EDIT:  it looks like the length and direction of the drag has no discernible effect on the appearance of the gradient.

----------


## ravells

Rob, for the life of me, I can't get that initial angular gradient fill you acheived. I'm not using Gimp, but photoshop and it's angular gradient gets me a result like this:

----------


## waldronate

What Photoshop calls an angular gradient is exactly that: a gradient where the intensity represents the angle around the center point. It's basically the other half of the 2D polar coordinate representation (radial gradient is the first).

  What GIMP is calling an "angular gradient" is what image processing folks would call an EDM (Euclidean distance metric) filter. It returns the distance from the edge of the shape.

  There are plugins for Photoshop that will do what GIMP does, but the ones that I could find all seem to be part of expensive image processing plugin suites.

  Wilbur will do this sort of thing (draw your selection, then use Select>>Modify>>Distance to calculate the gradient and Select>>Save Selection to save it as an image), but if you're going to involve an external tool you might as well just use GIMP.

----------


## ravells

Thanks a million Waldronate. This is an incredibly useful tool. I tried to replicate it using Drawplus (a Xara type vector drawing proggie) and posted a request on their BB, but no dice so far except for an approximate fix by making a smaller contour of the object and then feathering the result.

----------


## RobA

Yep.   Like Waldronate says.

In Gimp, what photoshop calls angular is called COnical (and there are two.. your example would be asymmetrical.  There si also symmetrical, which uses the gradient over 180 degrees and its mirror on the other half).

I was clear in one or two places, then started to shorthand.  The fill for the mountains was "Shaped (Angular)"  There is also "Shaped (Spherical)" and "Shaped (Dimpled)".  ALl three of these have the gradient painted perpendicular to the selection outline.

A way that mmight work to manually do it in PS (at least in greyscale) would be to determine the maximum distance across the selection (perpendicular) call it D.  Start with a black background, set paint to white with an opacity of 1.

Shrink the selection by (D/255) and fill the selection... repeat until no selection left....

Try it as an action....
-Rob A>

----------


## su_liam

Nice. Very useful now. I've been playing with a little java app that does the distance filter thing. I'll rep you if it lets me.  :Smile: 

edit:
Yay. It let me.

I'd move over to gimp altogether except for three things:
a)8-bit. I work a lot with 16-bit greyscale. I'd rather have double-precision float, but hey, reality.
b)Pen support. I can use my pen and tablet with gimp, but I can't get pressure sensitivity to work. This may be an issue with Apple's implementation of X11, but that's what I have...
c)Photoshop's more sophisticated brush attributes.
d)I know enough about Photoshop to make it dance. Learning curve _is_ an issue.
e)Large-window greyscale erode and dilate. Only works on selections and they call it Grow and Shrink or some such, but a radius 3 Shrink is the same as a 7x7 dilate. Gimp only has 3x3 erode and dilate filters. Prettier, ultimately, but slower.
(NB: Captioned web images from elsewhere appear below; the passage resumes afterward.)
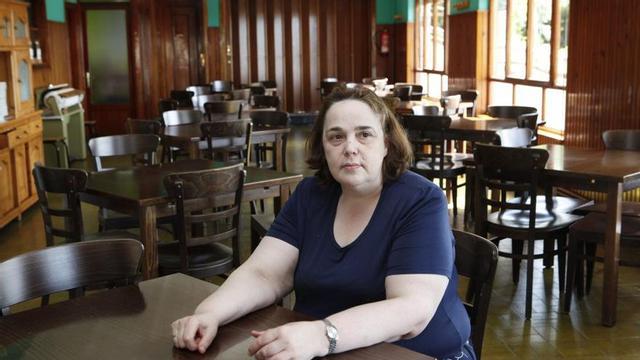 Geli Díaz, en su merendero de La Bombilla en 2016, recién jubilada.  | ÁNGEL GONZÁLEZ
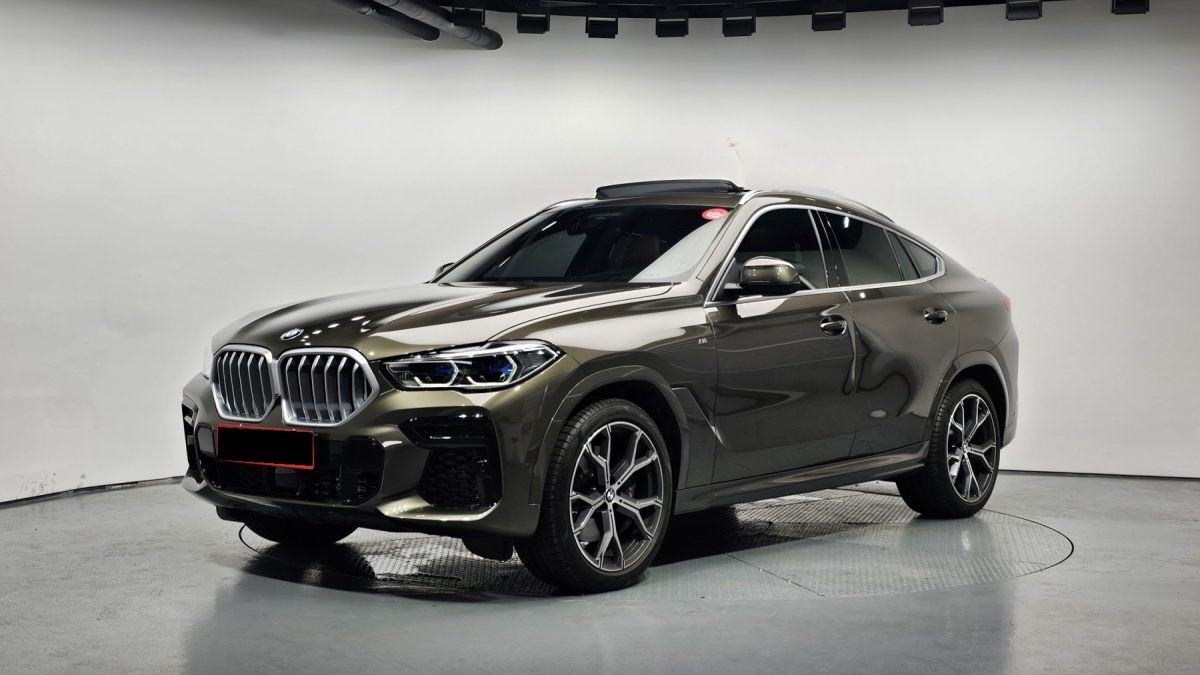BMW X6, 2022 — купить в Владимире под ключ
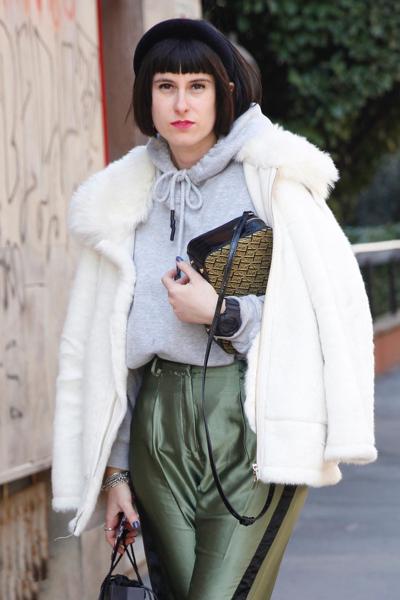 秋冬季节卫衣单穿有些冷，加件外套一起穿，舒适时尚又有范儿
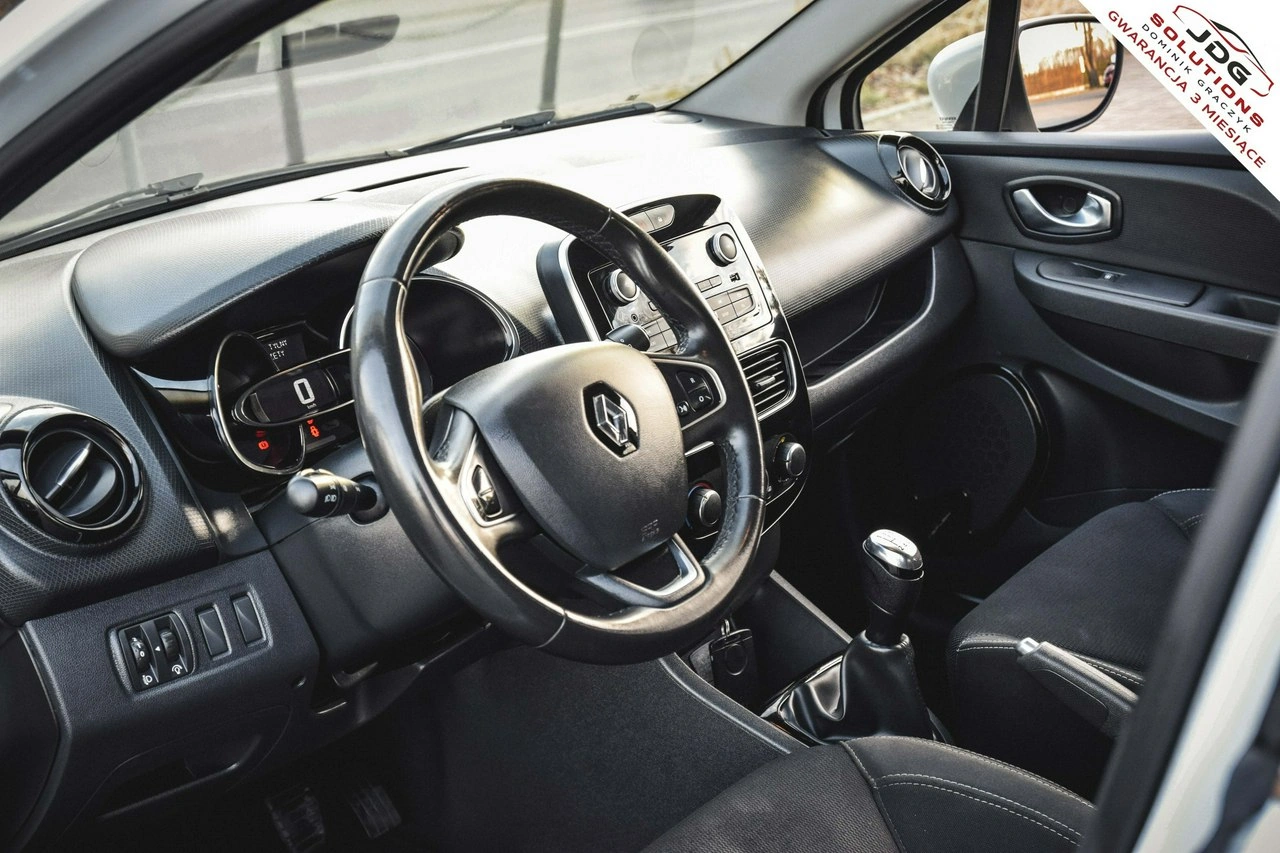 Renault Clio - Zdjęcie 17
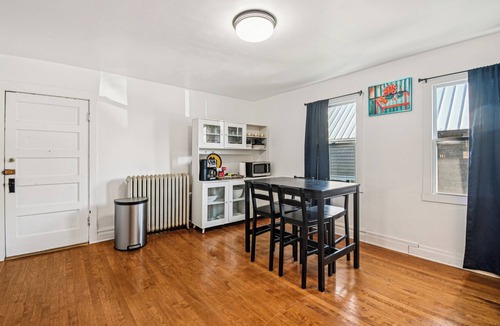 Evanston Apartment | Wonderful 3-bedroom apartment in West Village, Evanston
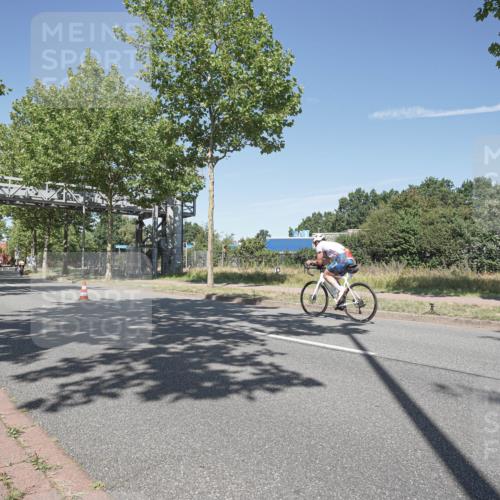 09.08.2026 - GEWOBA Citytriathlon Bremen Michael Burmester http://msf.ph/oto/9955816 09.08.2026 12:26:59 Radfahren 607, 633, 654, 813, 822, 856, 958, 1001, 1103 meine-sportfotos.de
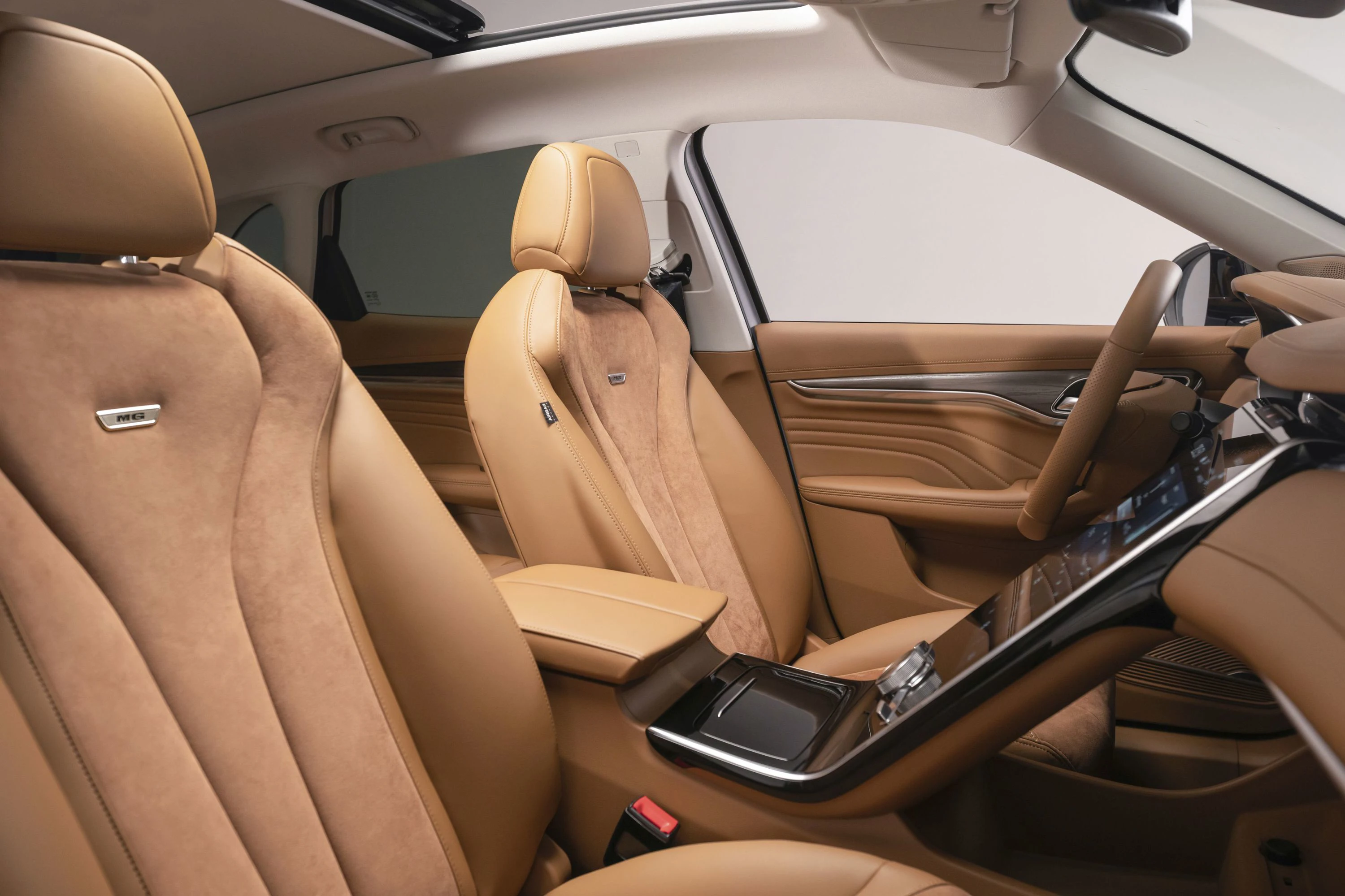 MG Marvel R Electric frontseats view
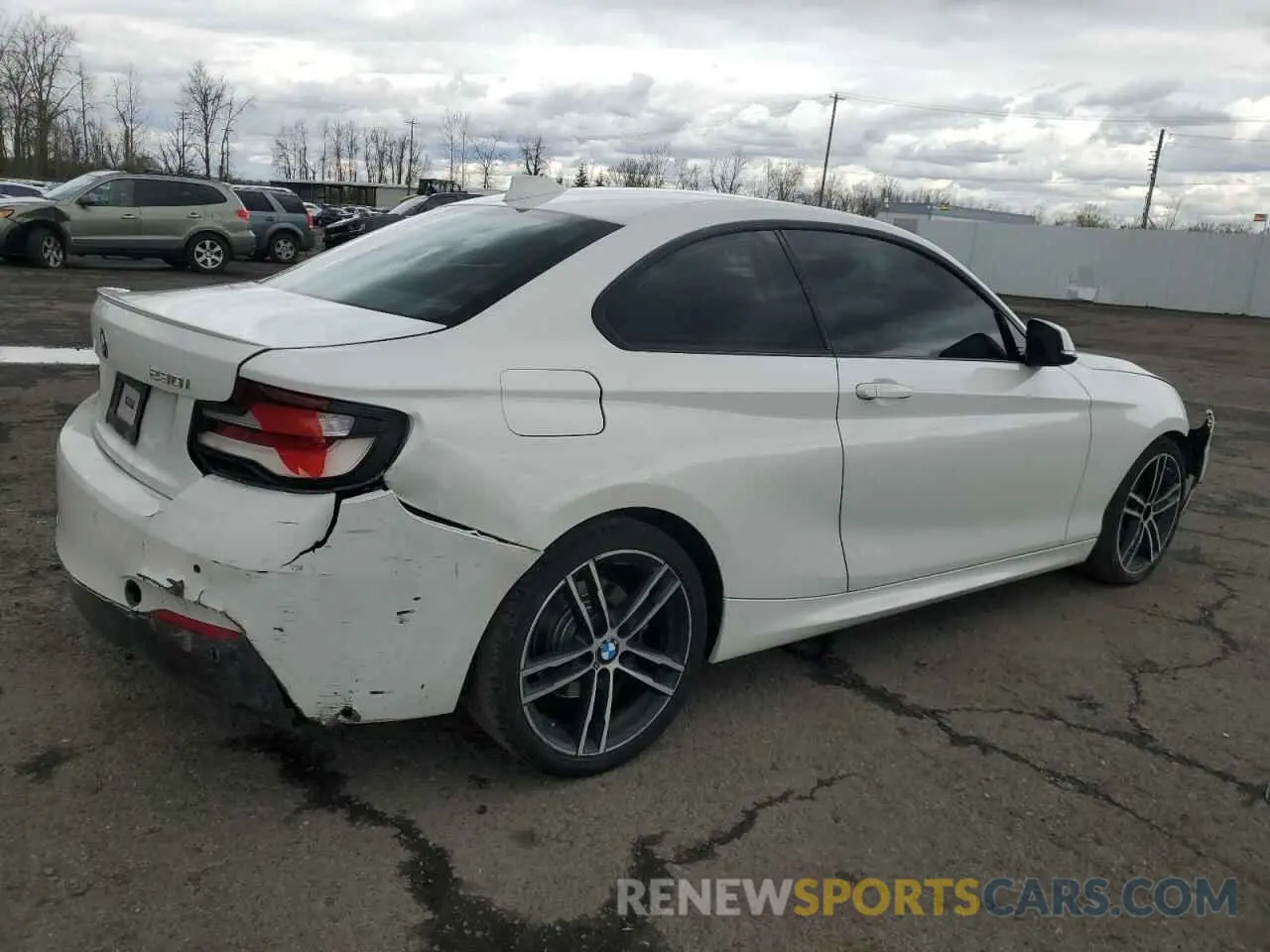 3 fotografías del automóvil dañado WBA2J1C0XL7E47759 BMW 2 SERIES 2020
Hmm... I guess that works out to five.

----------


## RobA

And gimp also has:

Mathmap and Gluas to write your own (albeit slow running) filters!

-Rob A>

----------


## Steel General

Where does one find the "Grungy Brush"?

----------


## RobA

> Where does one find the "Grungy Brush"?


Try DeviantArt (link is to grunge brush search results.

-Rob A>

----------


## Ascension

Crikey! 4,500+ grunge brushes....I only use about a dozen total.  Guess it's time to expand my toolbox.

----------


## RobA

Just can't have enough grunge  :Razz: 

-Rob A>

----------


## bryguy

Hey sorry for bumping this, but I have some questions for how you do some of the things....


oh and I found this while searching through the tutorials for how to make mountains, and so far this is most like the type i need to create.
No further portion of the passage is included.